Of course, the possibility of extraterrestrial organic life -- even intelligent organic life -- is not a new thing for the Faith. The best short essays I've seen on the question are from C. S. Lewis. One is called "Religion and Rocketry," and the other is "Will We Lose God in Outer Space?" Lewis points out several basic criteria that must be met before organic life on other worlds would pose a theological problem to Christianity.

1. It must exist, which we don't know.
2. It has to be sentient. Alien oysters cannot sin any more than ours do.
3. It has to have fallen. An unfallen race is not in need of redemption.
4. We must know that, being fallen, it has been denied the chance of redemption by God. How on earth (or Thulcandra) we'd ever figure that out beats me.
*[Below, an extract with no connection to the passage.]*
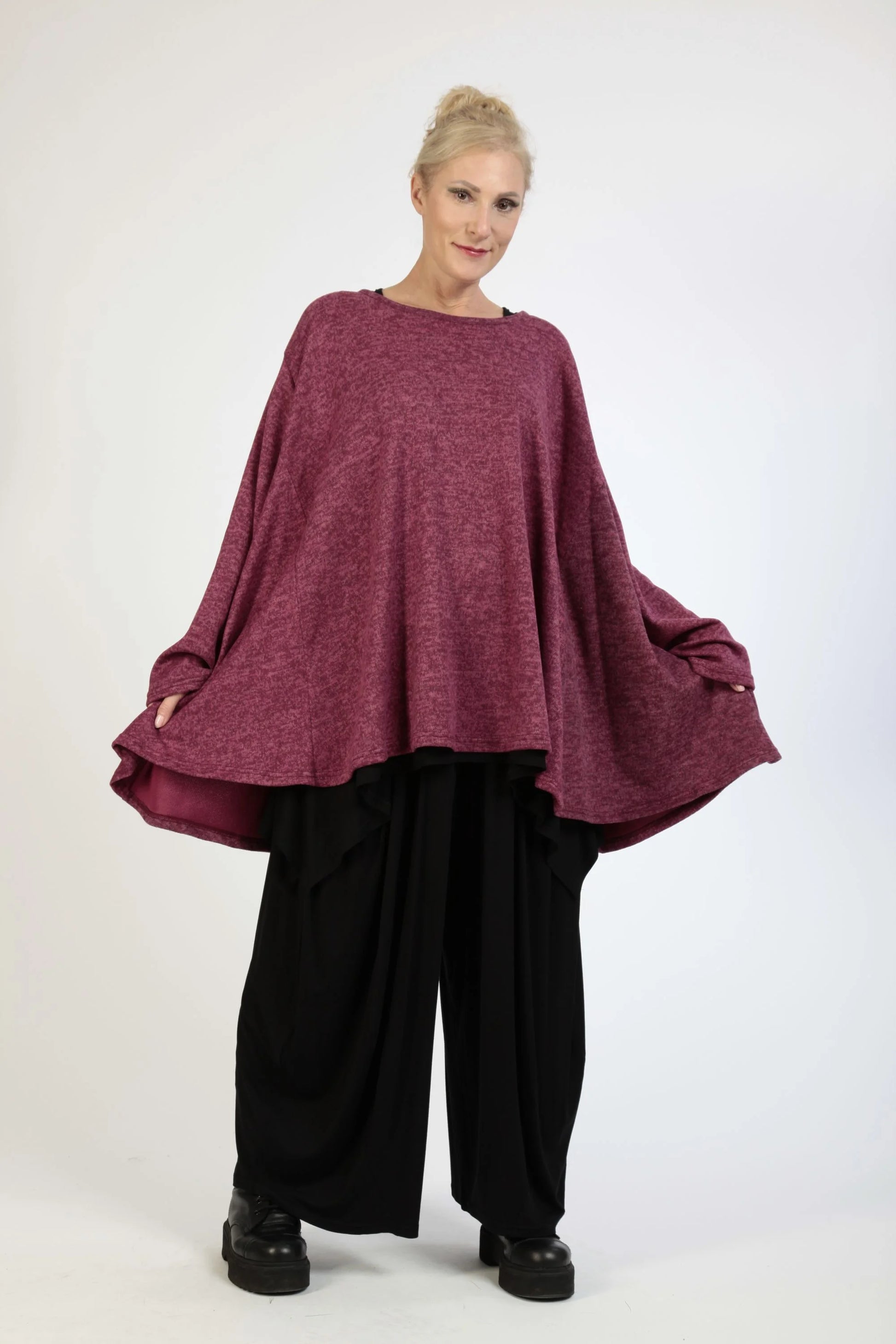  A-Form Bigshirt von AKH Fashion aus Polyester, 1179.00593, Fuchsia, Meliert, Schick, Modern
5. We have to be convinced that the redemption will be forever denied this hypothetically existent, hypothetically rational, hypothetically fallen race. After all, if you'd visited earth 10,000 years ago you would not have seen too many obvious clues that redemption was in the works for us. And since the only way to know that God has no plans to redeem them is to know the mind of God, this seems an especially tricky hurdle to get over.

6. We have to know that redemption via an incarnation, death, and resurrection of God the Son in this fallen alien nature is the only way in which God redeems fallen creatures and that such a redemption will never be granted such creatures.

As Lewis says, if our faith never encounters a bigger challenge than this, we are sitting pretty.